Content starts
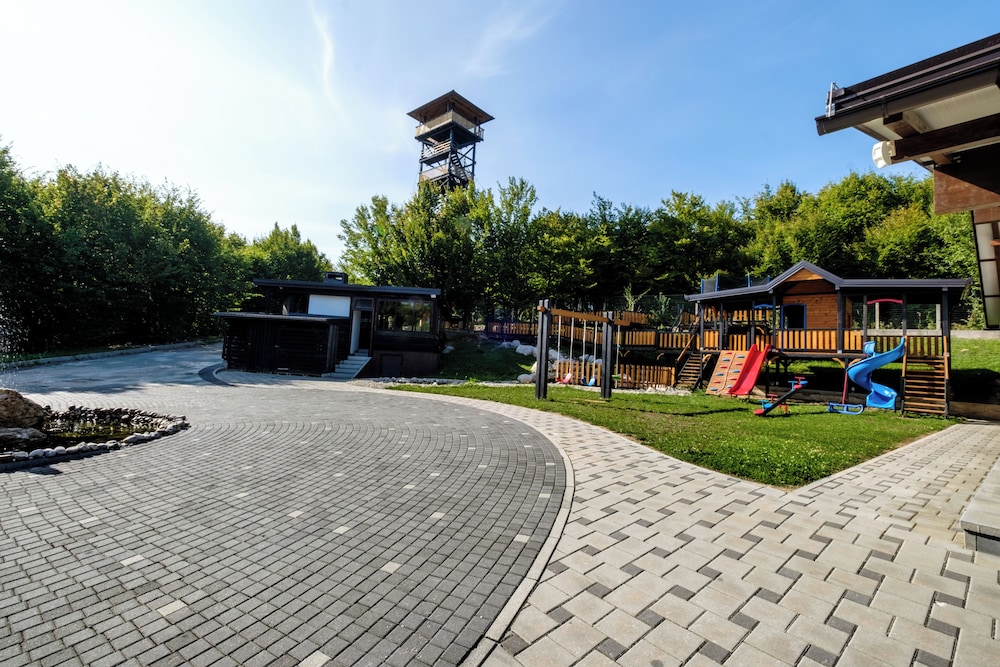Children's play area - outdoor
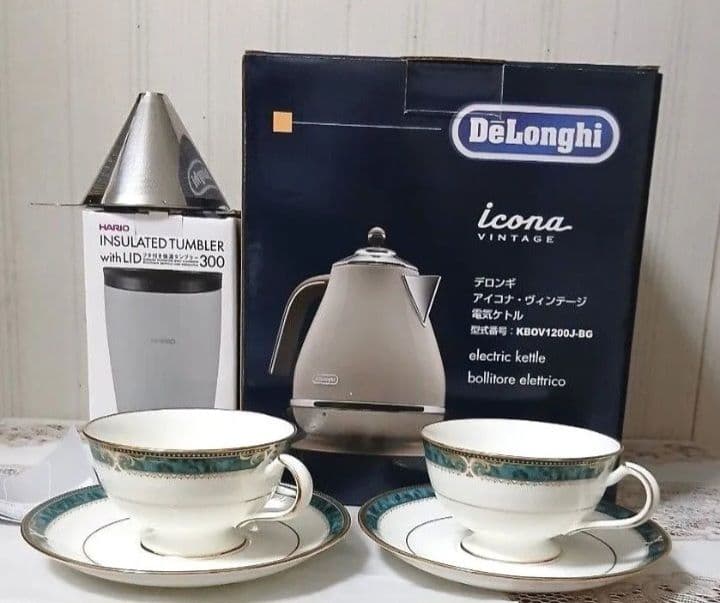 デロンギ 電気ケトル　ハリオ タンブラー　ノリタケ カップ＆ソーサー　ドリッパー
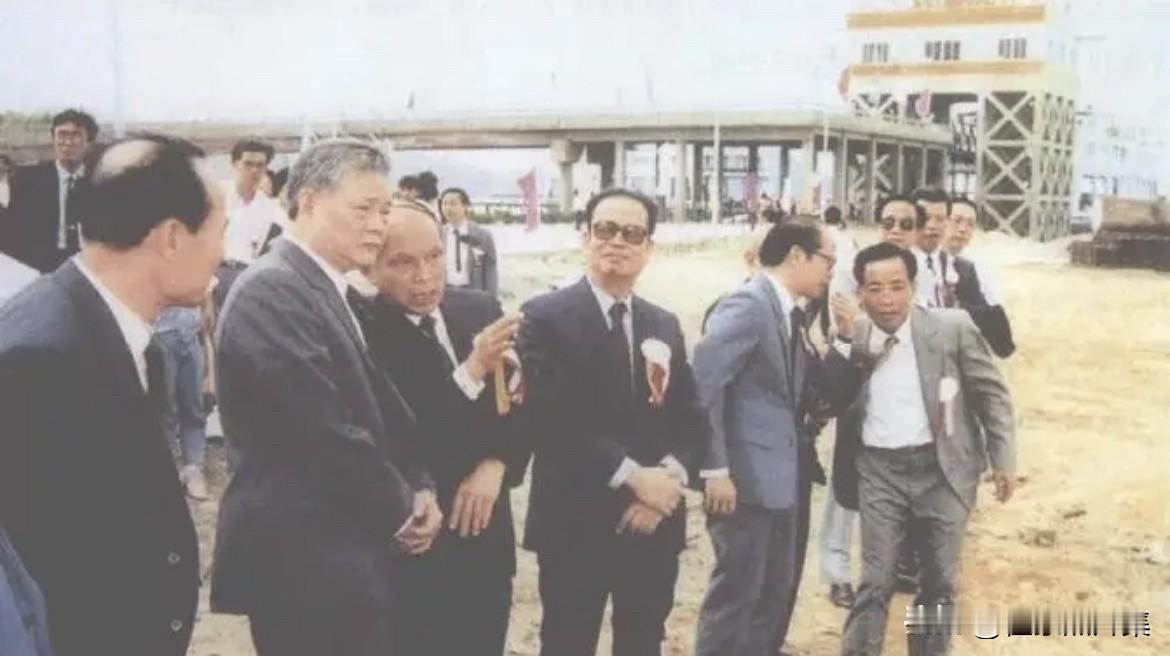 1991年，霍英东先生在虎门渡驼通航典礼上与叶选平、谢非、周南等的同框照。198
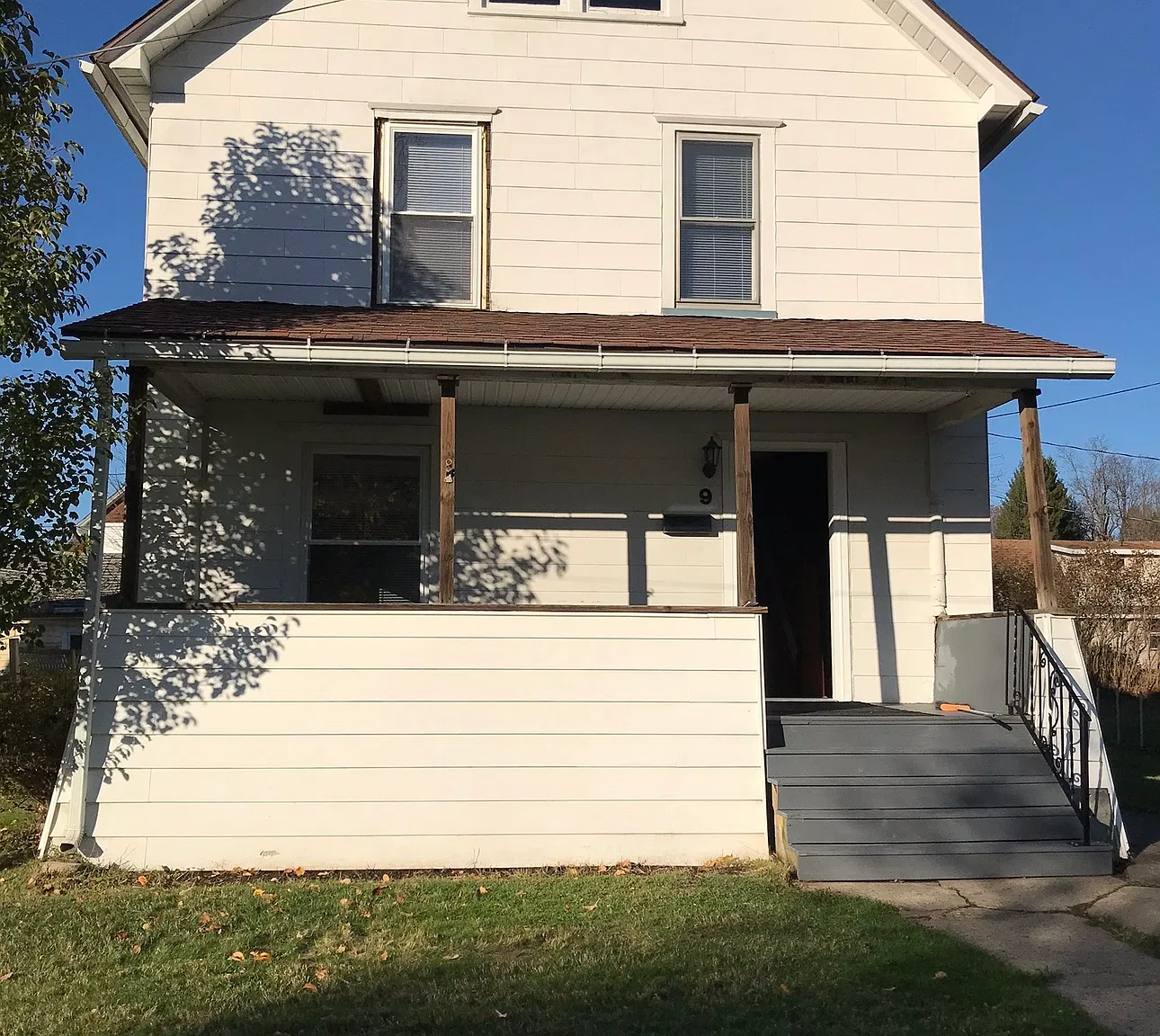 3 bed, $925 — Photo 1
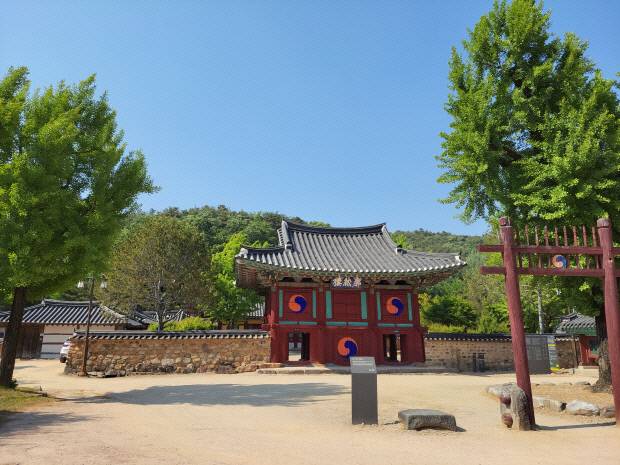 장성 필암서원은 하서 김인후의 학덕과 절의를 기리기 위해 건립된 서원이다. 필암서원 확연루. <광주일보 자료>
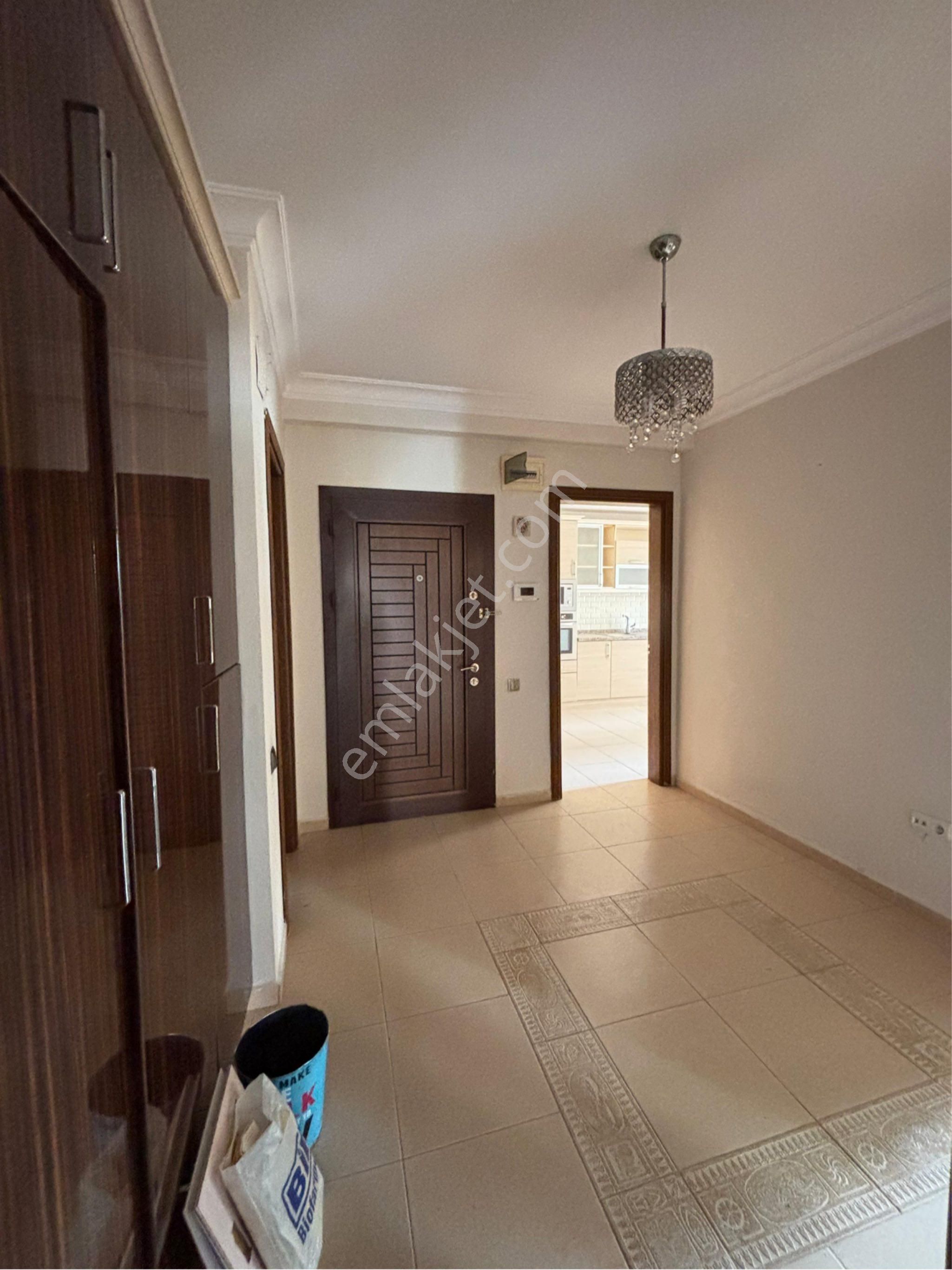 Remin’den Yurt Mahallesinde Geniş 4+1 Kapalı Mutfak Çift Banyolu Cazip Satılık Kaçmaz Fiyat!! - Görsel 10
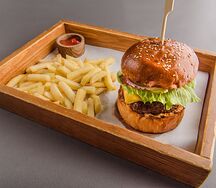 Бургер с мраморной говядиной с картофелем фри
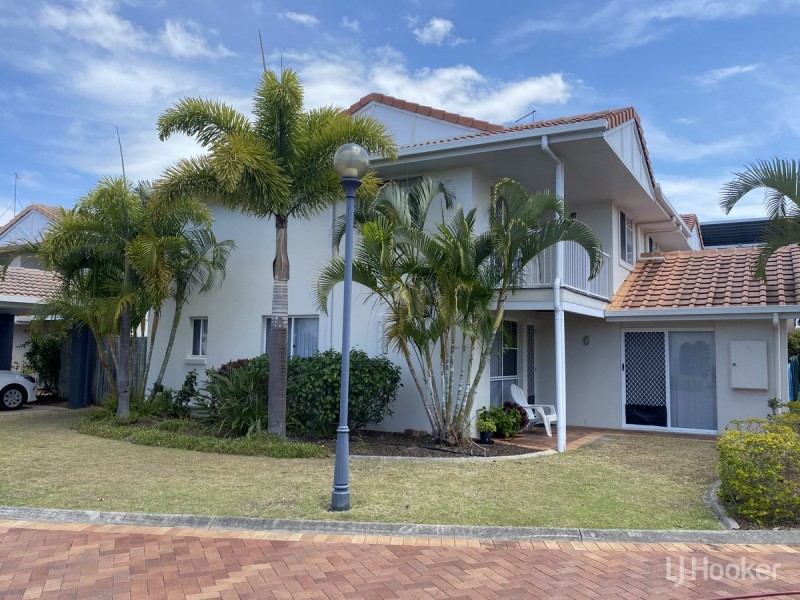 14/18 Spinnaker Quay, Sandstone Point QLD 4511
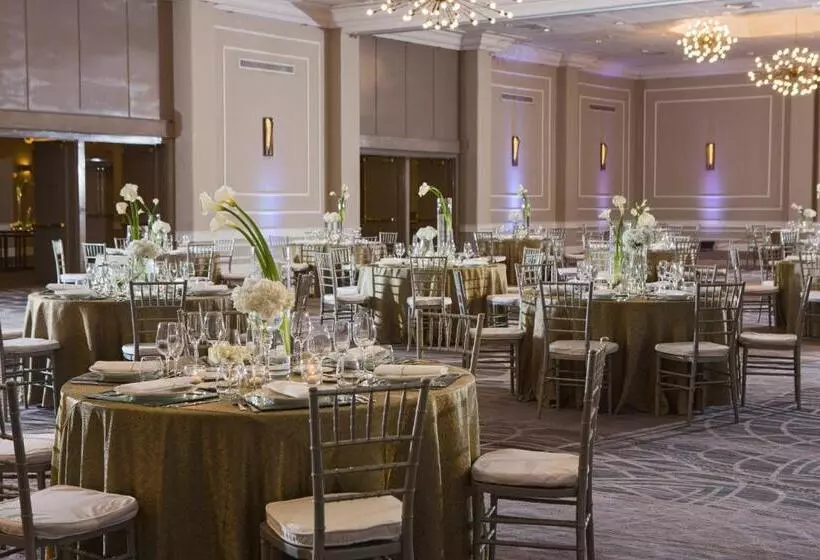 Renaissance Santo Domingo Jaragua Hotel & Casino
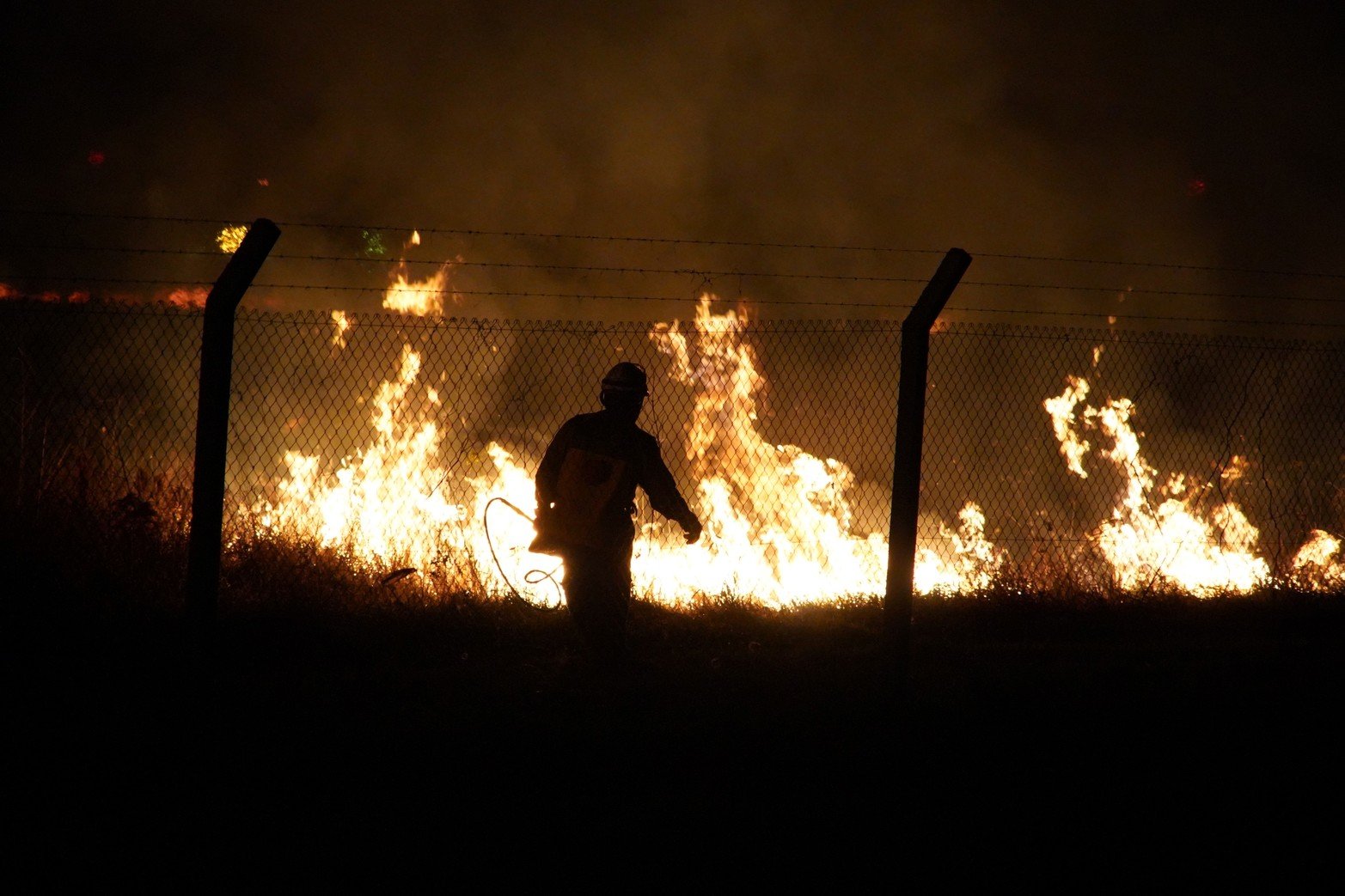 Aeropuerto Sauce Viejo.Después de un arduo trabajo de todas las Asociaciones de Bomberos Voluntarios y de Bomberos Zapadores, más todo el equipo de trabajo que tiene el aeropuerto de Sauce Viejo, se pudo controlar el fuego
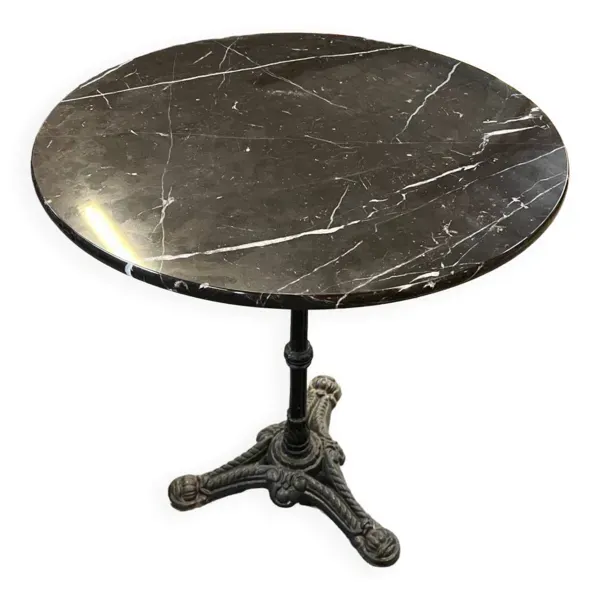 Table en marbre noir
Content ends
**YOUR INSTRUCTIONS:** Leave the pictures out and output exactly the lines above, from the start of the listing through the line with "Renaissance Santo Domingo".

**SOLUTION FOR THIS PROBLEM:**
Children's play area - outdoor
 デロンギ 電気ケトル　ハリオ タンブラー　ノリタケ カップ＆ソーサー　ドリッパー
 1991年，霍英东先生在虎门渡驼通航典礼上与叶选平、谢非、周南等的同框照。198
 3 bed, $925 — Photo 1
 장성 필암서원은 하서 김인후의 학덕과 절의를 기리기 위해 건립된 서원이다. 필암서원 확연루. <광주일보 자료>
 Remin’den Yurt Mahallesinde Geniş 4+1 Kapalı Mutfak Çift Banyolu Cazip Satılık Kaçmaz Fiyat!! - Görsel 10
 Бургер с мраморной говядиной с картофелем фри
 14/18 Spinnaker Quay, Sandstone Point QLD 4511
 Renaissance Santo Domingo Jaragua Hotel & Casino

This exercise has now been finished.